I’m retired after serving 41 years in law enforcement (20 years NYPD, ending my career there as a lieutenant, then put in another 20 with a small town on Cape Cod as its chief of police). Before becoming a cop I was in the USAF, from 1964 through 1968. The Vietnam war, around that time period, went from being a fairly controlled conflict to the brutal, meat grinder of a war it became. All the while, once out of training, I was stationed in Berlin, then West Germany, as a Russian linguist in military intelligence. The greatest danger I faced at work was paper cuts.
My little Cape Cod town was another world after being a New York City cop. I had had a pretty wild ride while with the big-city department; deep undercover, robbery squad detective, also worked in homicide and narcotics among my assignments. Ran the department’s Firearms & Tactics Unit Police Firearms Instructors School, Heavy Weapons Training and Research and Testing. Even flew department helicopters. I’d joke and tell people I just couldn’t keep a job. When I was hired as Wellfleet’s chief of police the comedians around town commented that the selectmen had hired a Jewish Rambo.
Wellfleet, back when I got there in 1990, was already well into its transition from a blue-collar community on the Outer Cape (we’re just two towns below Provincetown) to an upscale getaway and retirement destination for the upper-middle class. Make no mistake, such a mix of diffuse backgrounds can make for significant cultural clashes.
Nonetheless, Wellfleet is a beautiful town, bucolic and protected from development by its being mostly a federal property, the National Seashore.
The “old” Wellfleetians were, even when I first came to town, beginning to die out. Their kids could not afford to live in the town their families had been in for well over a century. Not only were house prices high, but, with few exceptions, the non-professional jobs that there were did not pay all that well.
A goodly number of “characters,” some merely eccentric and a few downright nuts, made their home in Wellfleet. This story is about one of them, a guy named “Joe Tweet.” Not his real name, but that was what everyone called him. He was an oysterman, digging up the much-sought-after Wellfleet oysters for a living. Joe was not a big man, but he had a temper and, the sense I had was that people didn’t cross the guy. He wasn’t a friendly man and my best guess is he hated the fact that his town was being taken over by “outsiders.” One story I heard, and I have no idea whether it was just town myth or had some basis in fact, was that a man who died out on the “flats” (the low tide area where oystermen went to dig up their shellfish), a death reported as a heart attack, had, in fact, had an altercation with Joe while the two were out working and wound up dead.

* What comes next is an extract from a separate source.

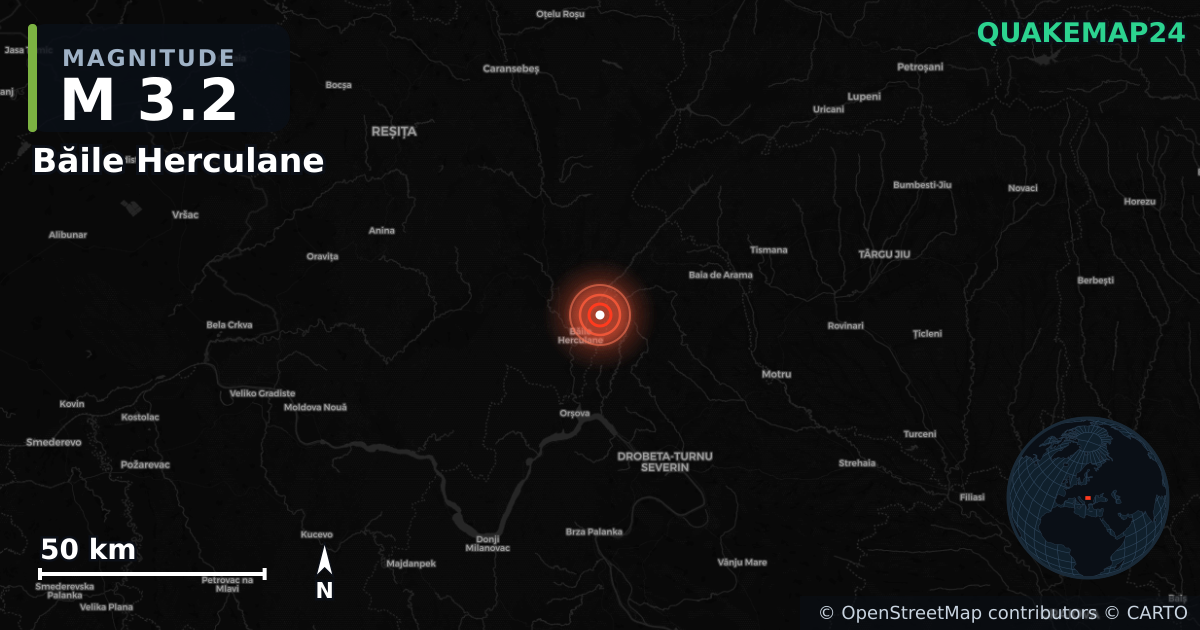 Σεισμός M3,2 κοντά στο Băile Herculane (Ρουμανία) · 2026-09-20 — Χάρτης της θέσης του επικέντρου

Joe was a World War II veteran, having served as an infantryman in Europe. I believe he had held the rank of sergeant. One day I’m walking around the middle of town (in a small Cape Cod town the chief of police had better go out and see the folks if he wanted to keep the job. They call that community policing now.) when I bumped into Joe. We were by the Lighthouse Restaurant on Main Street and I invited him in for a cup of coffee. At first he demurred, not wanting to take anything from anyone. I assured him that my buying him a cup of coffee wouldn’t mean we were engaged or anything. He laughed and we went inside and sat down.
The conversation was general, we just jawboned about town stuff. I suppose we were there for 20 minutes, probably no longer than a half hour, when he said, and these are his exact words, “He was the best scout I ever had.”
I had no idea what the man was referring to. I looked at his face. He wasn’t looking at me, his eyes were somewhere else. They had the “thousand-yard stare.” I shut up and listened.
It only took me a second to realize that while I might be sitting in a restaurant on Cape Cod, I was next to Sgt. Joe Francis, United States Army. And Sgt. Francis was, at that moment, somewhere in Europe. It was around late 1944, maybe early in ’45.
He repeated the words, “He was the best scout I ever had.” Then, “All the other scouts, they’d get killed by machine gun fire or something. They never lasted. Never more than a week anyway. But this guy was something else. He was an Indian (Native American). He could find the Germans wherever they hid. He was amazing.” Joe then took a deep breath and with a tone of obvious admiration added, “He lasted six weeks.”
I don’t remember much else about that conversation, which took place over 20 years ago. But I’ll never forget having a cup of coffee with that old soldier, still in a war that hadn’t left him after half a century.